BNEF predicted that the solar market will contract by 3 percent under a conservative scenario this year, warning of a PV panel glut on a global scale. However, BNEF also forecast that this glut will lower prices and stimulate demand, which will eventually reverse the gloom, allowing the market to recover as soon as next year.
Credit Suisse has predicted a decline in new installations, projecting a 17 percent reduction this year, and the Solar Energy Industries Association has warned that the import tariffs on PV panels will lead to job losses in U.S. solar and ultimately lead the industry into a crisis. An analyst from GMT Research echoed this general sentiment but suggested he expected the increase in the number of new installations to continue.

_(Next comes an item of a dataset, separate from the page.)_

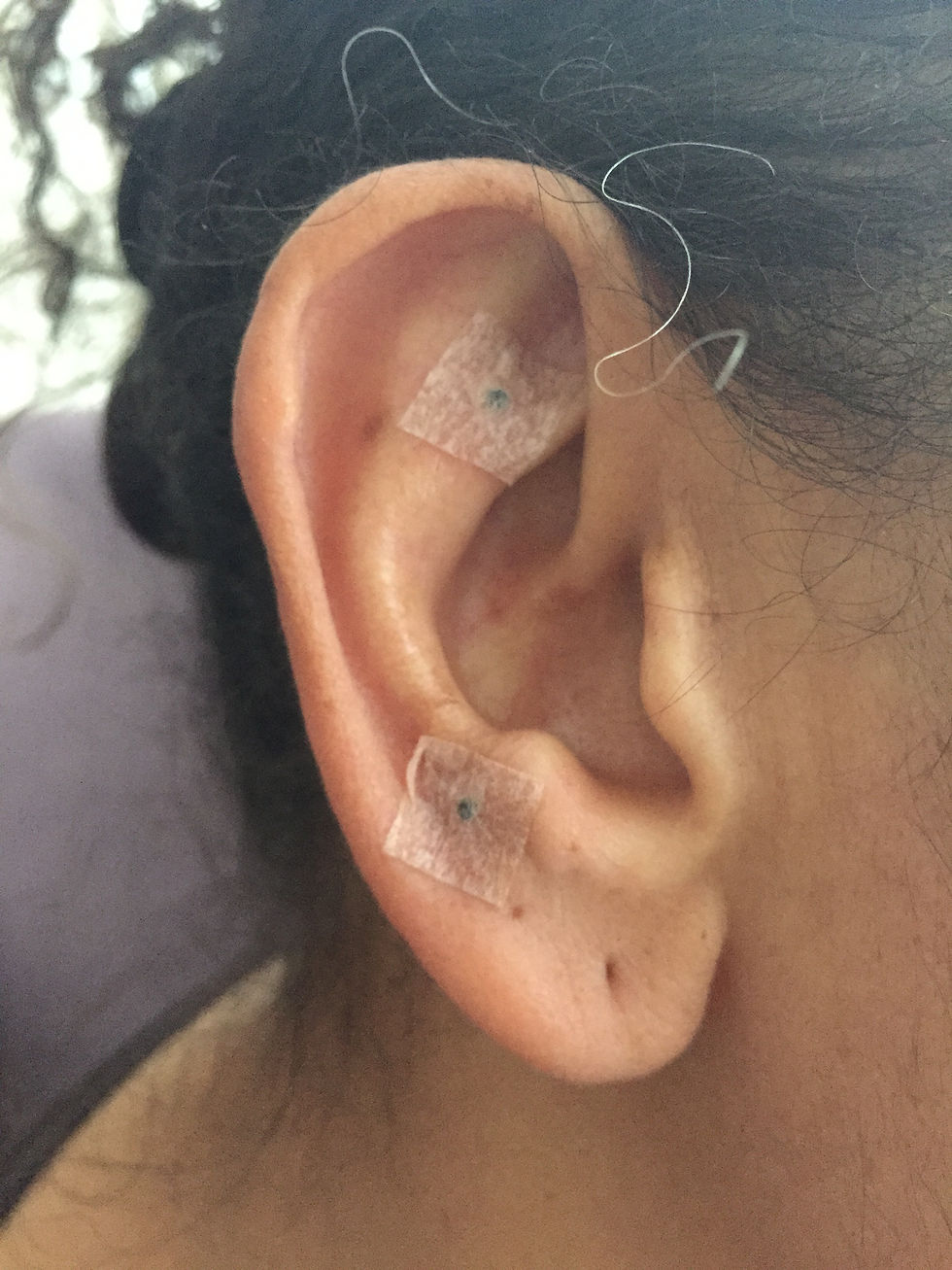 Vaccaria seeds applied to occiput and shenmen acupoints for continued benefit post treatme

It seems that not everyone is as gloomy as Goldman. In fact, the PV panel glut that will result from China’s decision to cut subsidies for new installations could become a silver lining on what could otherwise be considered a disaster for the industry.
As BNEF correctly projects, the more panels there are, the lower their prices will be, and the lower the prices, the more attractive they would be. Also, these glut-caused lower prices will mitigate the impact of the Trump tariffs on the U.S. solar industry, although they won’t be able to offset them completely.
There are also new solar markets opening up: Saudi Arabia is one very ambitious new addition to the industry. A survey from market research company 6WREsearch recently forecast that the Saudi solar market will expand at a compound annual rate of 30 percent between 2018 and 2024. The UAE is also very ambitious in the solar power department, planning to source a quarter of its energy from solar installations by 2030. Africa as a whole is another market that will likely become emerging force in solar power.
The fact is that the solar industry won’t stop growing, despite tariffs and the suspension of new projects in the world’s biggest solar market. These developments could slow down its growth for a while, but with more and more players entering the solar field any negative effects would be temporary. It’s worth noting that BNEF also forecast that China’s role in the global solar market will decline in the medium term and it will account for only 25 percent of new installations in 2020, down from more than half in 2017.